October 30, 2006
Name: SGT "Roy Batty"
Posting date: 10/30/06
Stationed in: Baghdad, Iraq
Hometown: Yellow Springs, Ohio
I am sitting on my camp chair in the corner of my room, the laptop on my bunk, Ipod inserted deep within my ears. Hedley Moose is asleep next to me, exhausted after another night of avoiding the restless bulk of a snoring ex-Marine. The bed is cluttered with a 1:50,000 scale tactical map of Baghdad, my black cordura wallet, everpresent Camels, a bright yellow Arabic for Dummies book, and Chuck Klosterman's awesome novel, Killing Yourself to Live. After finally putting down Neil Stephenson's bulging Quicksilver for the hundredth time as being brilliant but absolutely unreadable, I picked up Chuck's tome and have been reading it every chance I've had for the past 24 hours. Which means that I am about halfway through it.

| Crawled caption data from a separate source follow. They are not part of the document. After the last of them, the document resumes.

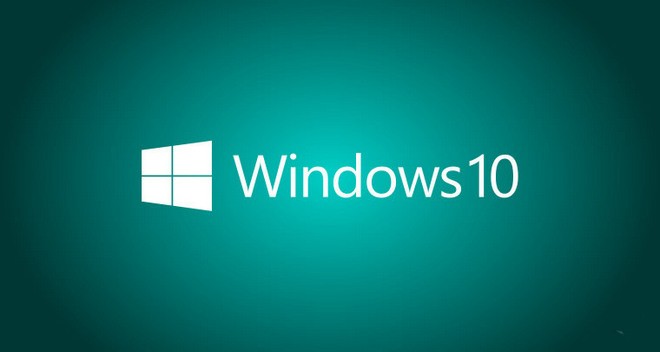 Логотип Windows 10 на светло синем фоне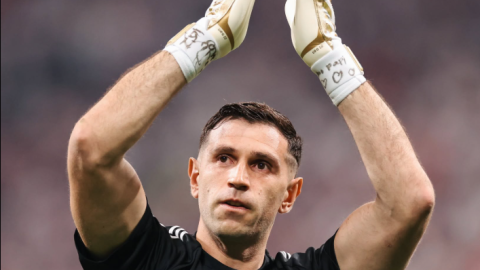Chelsea weigh late move for Emi Martinez as Aston Villa exit looms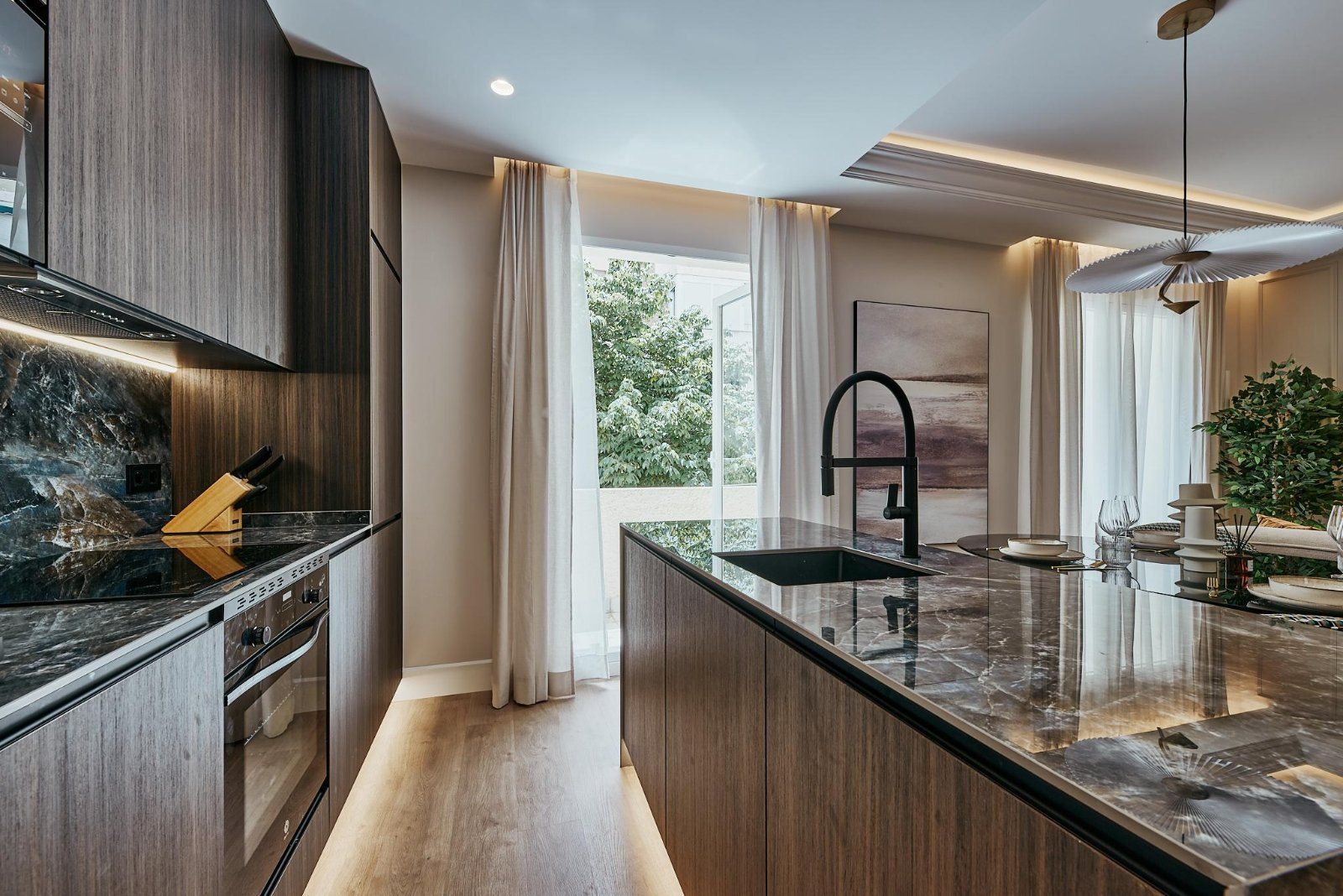 Velázquez II, barrio de Salamanca, Madrid — Horlux & Emuna — 2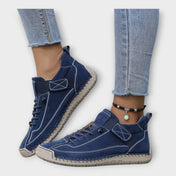 Αθλητικά παπούτσια με κομψό και πρακτικό σχεδιασμό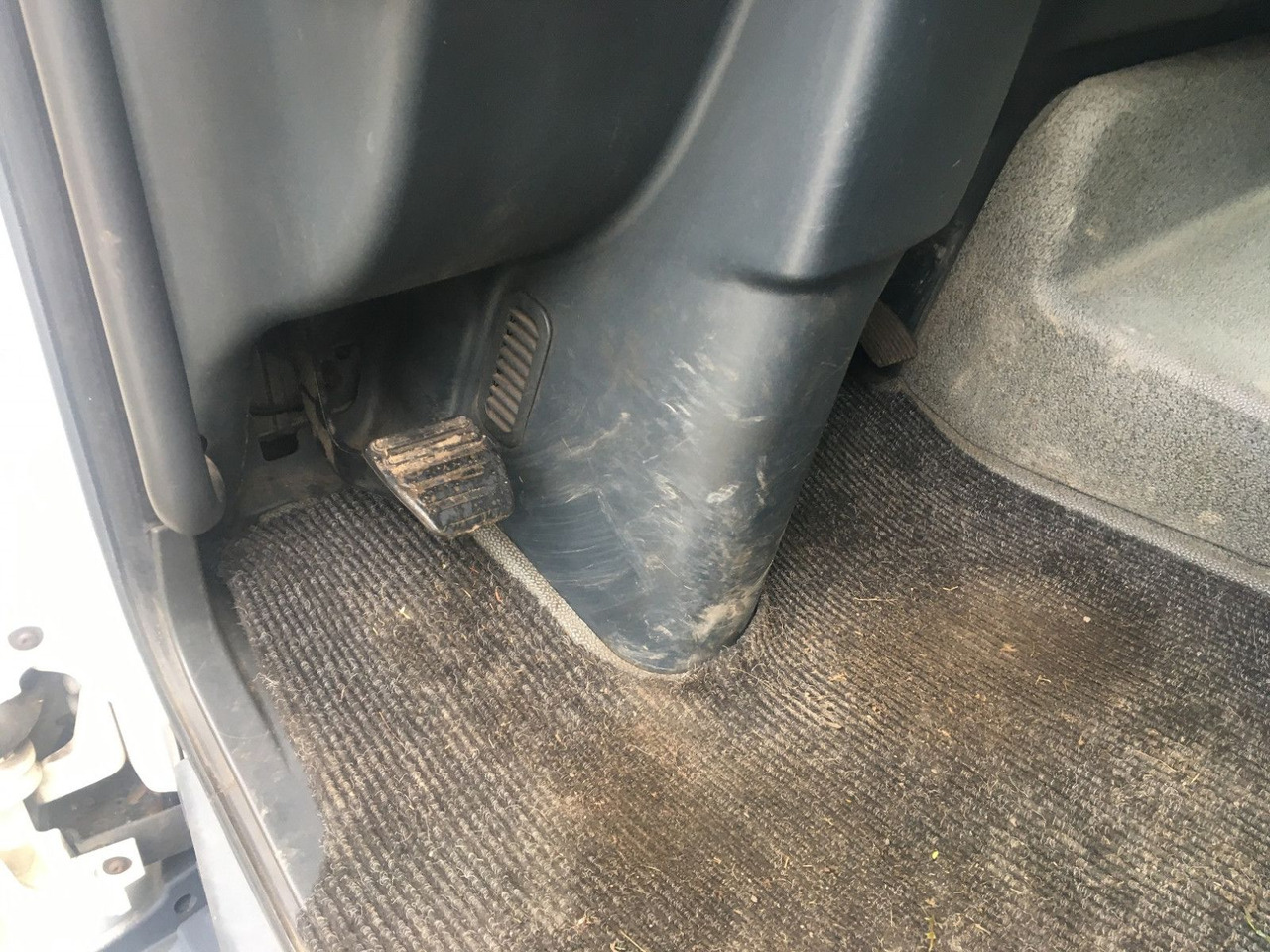 MAN 12.210 Erst 302000 km - Plane LKW: das Bild 5 MAN 12.210 Erst 302000 km - Plane LKW: das Bild 5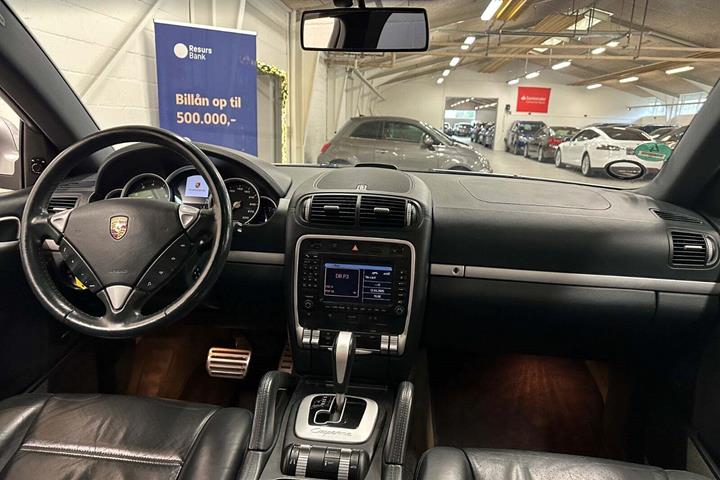 Sølv Porsche Cayenne Turbo fra 2003
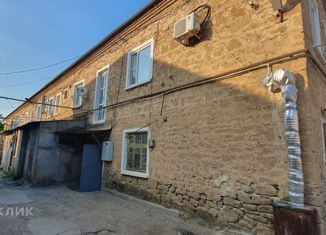 Продам 3-ком. квартиру, 63.8 м2, Избербаш, улица Азизова, 3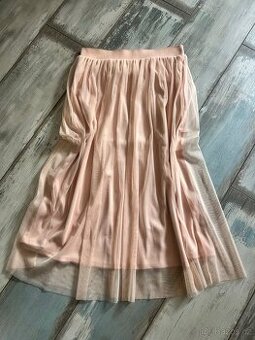 Krásná tylová sukně z HM velikost 38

He writes almost exactly the same way as I hope to, except for the fact that he is actually funny.
Peter Gabriel surfaces on the tiny scratched screen of the Nano, singing quietly about Mercy Street. I close my eyes and the white-tiled ceiling disappears as I slowly rise through it and drift away to somewhere vaguely Celtic, full of dark rain clouds over coal tailings, thick with the wet smell of distant sheep. Amber scotch-colored water pours over my hands as I dip them in a cold Northern loch somewhere in the memories of my childhood in England.
I don't have anything to write about. We'll have to see what happens tonight on patrol. Baghdad has a way of throwing inspiration into the path of your HMMWV, either with the wet plop of over-ripened fruit, or with something considerably denser and unfortunately louder in volume.
Actually, it just did. Resigning myself to writer's block, I put down the Ipod and went outside to smoke a cigarette. Schrader and Smith were out there, so I went over to say hi. We were just starting to talk, when we were interrupted by a weird whirring noise, sort of like a radio-controlled car in low gear.
We turned to see what it was, and a short black robot trundled around the side of the building on little round all-terrain tires. The intruder was just under a foot high, and about three feet long. A tiny, two-inch silver camera was mounted on the top of the front bumper, and two spring-loaded antennas bounced along merrily at its rear. This was one of our newest toys; something I had heard about, but had not actually seen yet. It's an EOD robot, but a cheaper version just for MPs. Designed to investigate possible roadside bombs, but small enough to be carried in the back of a HMMWV.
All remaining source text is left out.